Wiederaufnahme eines Klassikers an der Wiener Staatsoper: "Dörn- röschen" oder das unwiederbringlich Verflossene.

Foto: Staatsoper
Wien/Salzburg - Die finstere Fee Carabosse ist grantig. Man hat vergessen, sie zur Taufparty der Prinzessin Aurora einzuladen. Also rauscht sie zum großen Schreck aller anwesenden Gäste in Gewitterstimmung an. Wir wissen, wie das Märchen vom Dornröschen endet. In dem gleichnamigen Ballett, das Marius Petipa einst, im Jahr 1890, in St. Petersburg vorstellte, ging es auch weniger um die Geschichte selbst - vielmehr um die Erzählästhetik des Balletts.

Wobei wir, wenn wir jetzt die Wiederaufnahme dieses Klassikers in der Wiener Staatsoper sehen, weniger über Petipa lernen, sondern uns an einer 1981 entstandenen Fassung des Engländers Peter Wright delektieren. Wright hielt sich bereits an eine Adaption des Originalwerks, komponierte Elemente anderer Choreografen und von sich selbst dazu.

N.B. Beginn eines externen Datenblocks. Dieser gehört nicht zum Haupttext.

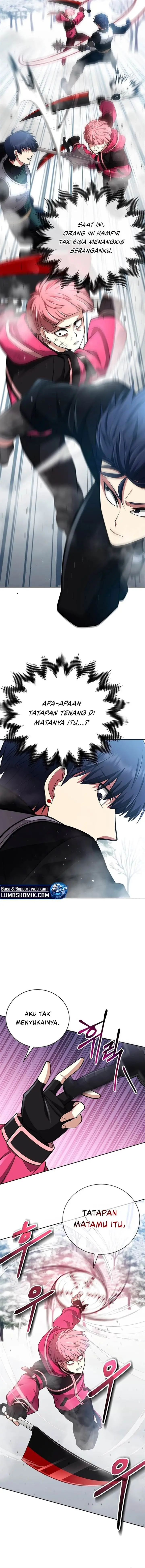 image-komik-debuff-master-chapter-36-1/21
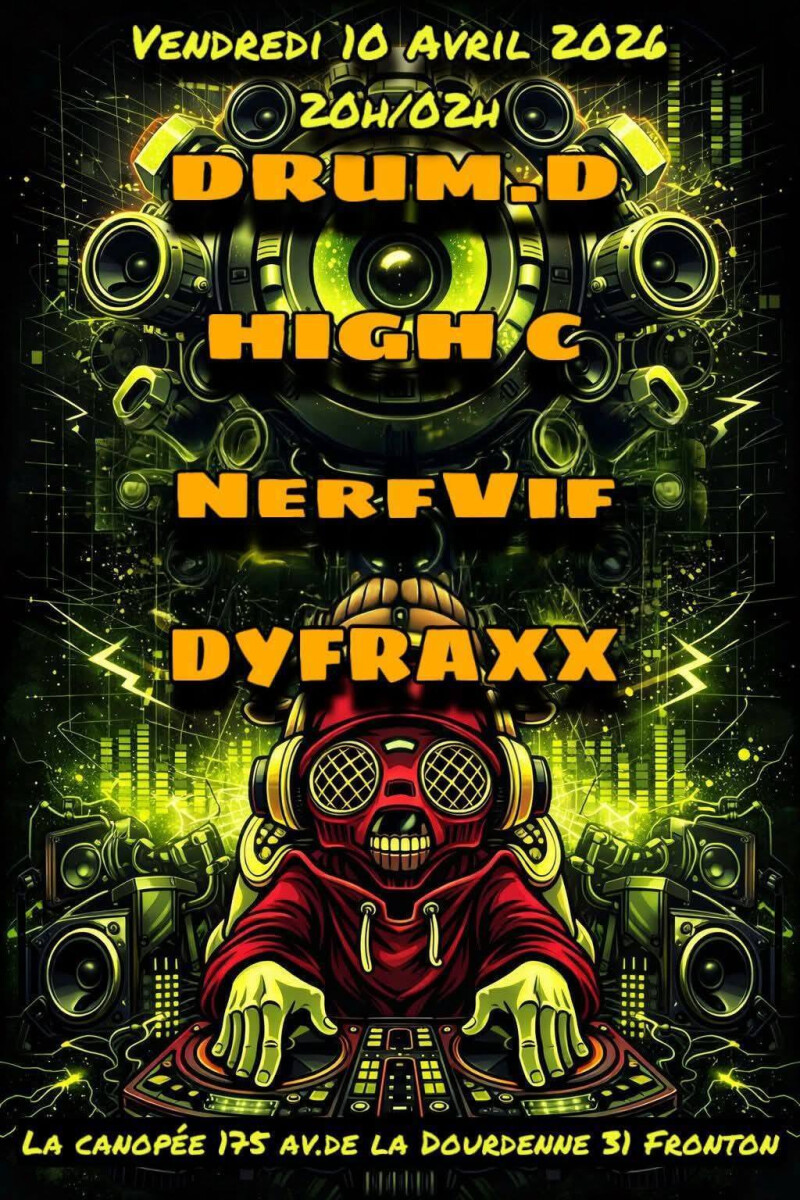 🎧🔥 HIP-HOP LIVE MIX 🔥🎧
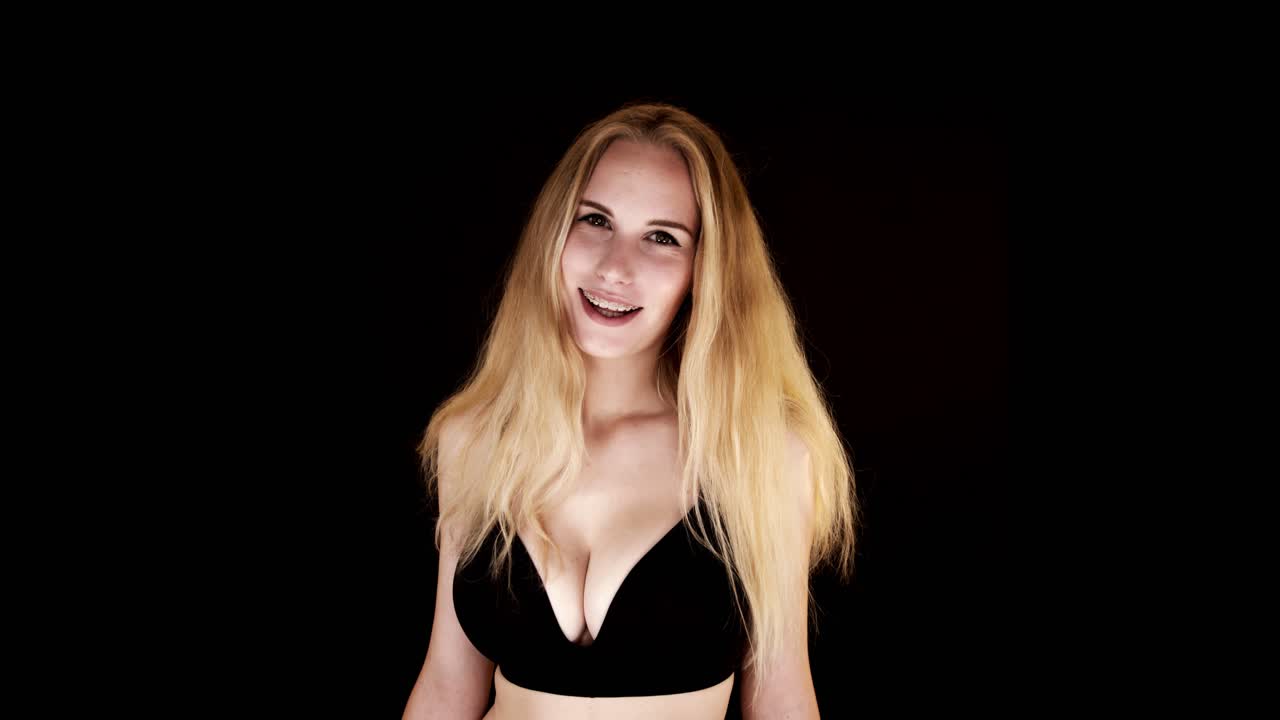 Best of dilip bajaj's gallery vina sky pics dave loughton add photo beautiful breasts videos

Was heute also als klassisches Ballett degustiert wird, ist eigentlich proto-postmodernes Patchwork, eine Geste des Hinweises auf unwiederbringlich Verflossenes. Das ist im Grunde hoch interessant. Ernüchternd wirkt nur die Genügsamkeit dieser Geste, die die multiple Autorschaft der aktuellen Aufführung schamhaft versteckt.

Heute ist auch weniger die modernistische Neuformulierung von Ballettklassikern im Stil von Mats Ek gefragt, sondern eher die Befragung einer Geschichte von Erzählweisen, wie sie etwa in der Vorwoche von der US-Amerikanerin Jennifer Lacey in Salzburg vorgeführt wurde.

Grandioses Solo

In ihrem grandiosen Stück two discussions of an anterior event, das als Abschluss des Festivals tanzhouse zu sehen war, reflektierte die Choreografin ein Solo, das sie vor neun Jahren uraufgeführt hatte: in einer intelligenten Struktur aus Video, Text und einem choreografischen Counterpart.

Dieses Stück ist nicht weniger herausfordernd als die diskursive Arbeit der französischen Gruppe Quatuor Albrecht Knust über Vaclav Nijinskis L'près-midi d'n faune, die 2000 in Wien zu sehen war. Fazit: In der zeitgemäßen Präsentation von Ballettklassikern gibt es noch viel zu tun. Das Abspulen von historischen Adaptionen allein reicht nicht mehr aus. (DER STANDARD, Printausgabe, 22.11.2004)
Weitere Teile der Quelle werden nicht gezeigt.